Silva v. Secretary of Health & Human Services
108 Fed. Cl. 401
Fed. Cl.2012Background
- Ms. Silva, fourteen, received HPV vaccines on January 11 and March 8, 2007, and sought neurological treatment starting April 2007 for back pain and leg numbness.
- Neurologist diagnosed transverse myelitis, but another neurologist, Dr. Niesen, diagnosed conversion disorder excluding TM after extensive evaluation.
- Subsequent MRI studies (2008 and 2009) were negative for transverse myelitis, leading to conflicting diagnoses in the medical records.
- No physician stated that the HPV vaccine caused a vaccine-related injury; the status conference led to briefing on whether conversion disorder or demyelinating disease explained her symptoms.

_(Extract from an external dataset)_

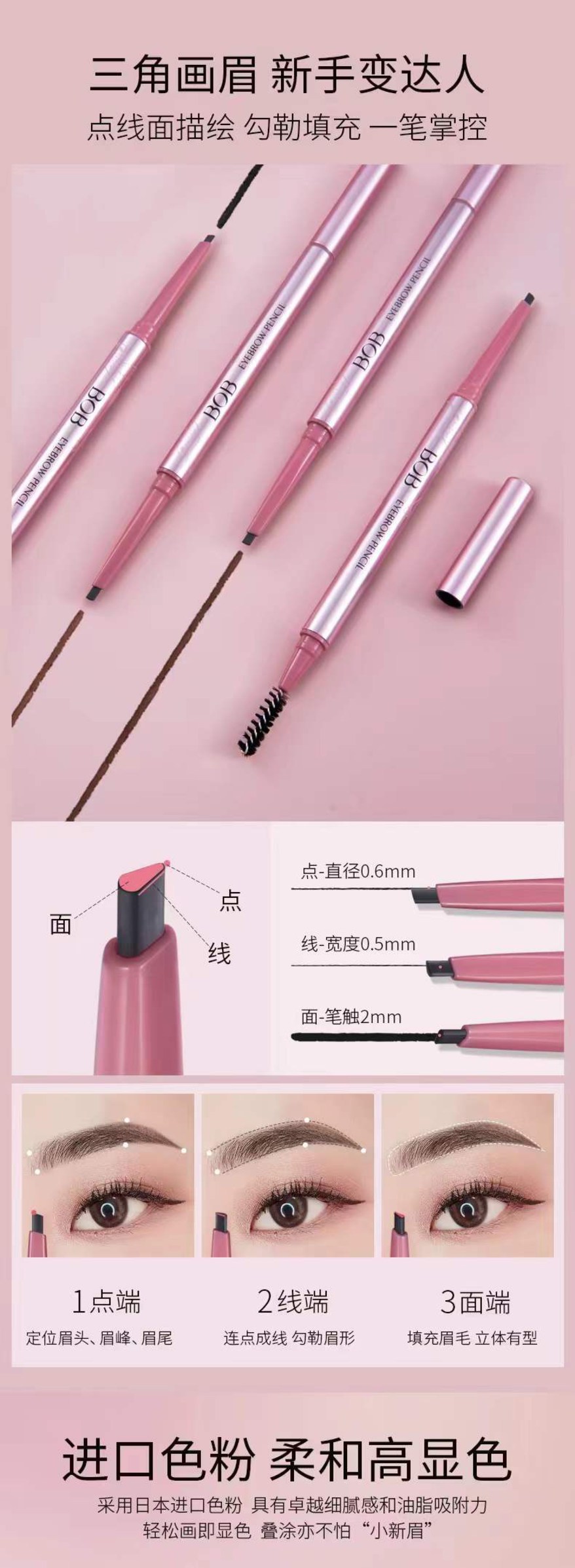 数字艺术品唇线笔白底实物图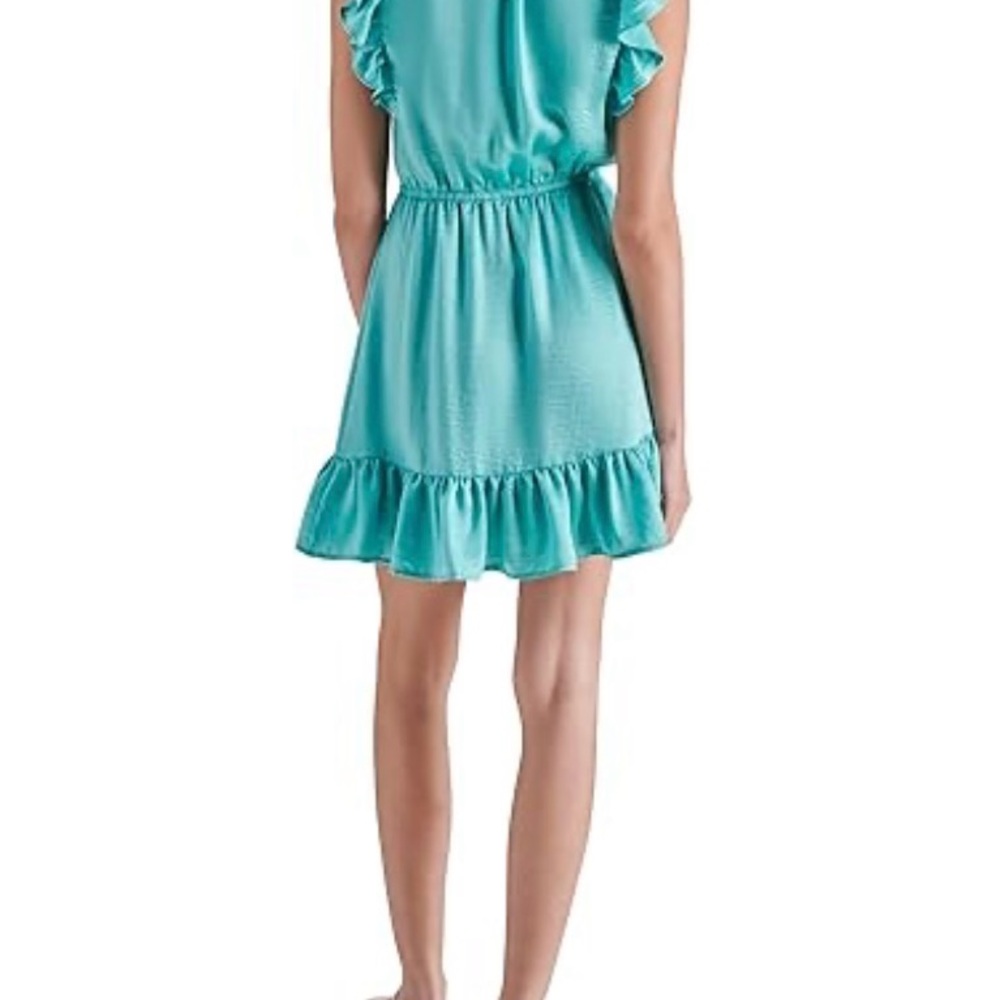 Steve Madden Turquoise Ruffle Mini Dress - Picture 3 of 5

- The special master denied compensation and attorneys’ fees due to no reasonable basis and lack of proper investigation before filing; appeal upheld the denial of fees.
Issues
| Issue | Plaintiff's Argument | Defendant's Argument | Held |
|---|---|---|---|
| Whether the denial of fees for lack of reasonable basis was proper | Silva argues the standard was misapplied and should be more lenient under Vaccine Act precedent. | Defendant contends the petition lacked a reasonable basis and was not supported by medical records or proper pre-filing investigation. | Affirmed denial of attorneys’ fees. |
| Whether the special master properly exercised discretion under the reasonable-basis standard | Discretion should align with ease-law; not overly stringent. | Special master appropriately used broad discretion to assess reasonable basis given no meritorious evidence. | Discretion affirmed; no abuse of discretion. |
| Whether the petition was brought in good faith and with a reasonable basis for the claim | Treating physicians diagnosed TM; arguments for reasonable basis based on records should survive. | Records and pre-filing review did not support the claim; attorneys failed to investigate adequately. | Petition lacked reasonable basis; fees denied. |
Key Cases Cited
- Saxton v. Sec’y of Dep’t of Health & Human Servs., 3 F.3d 1517 (Fed. Cir. 1993) (discretion sufficient when petition denied on merits; fee award not mandatory)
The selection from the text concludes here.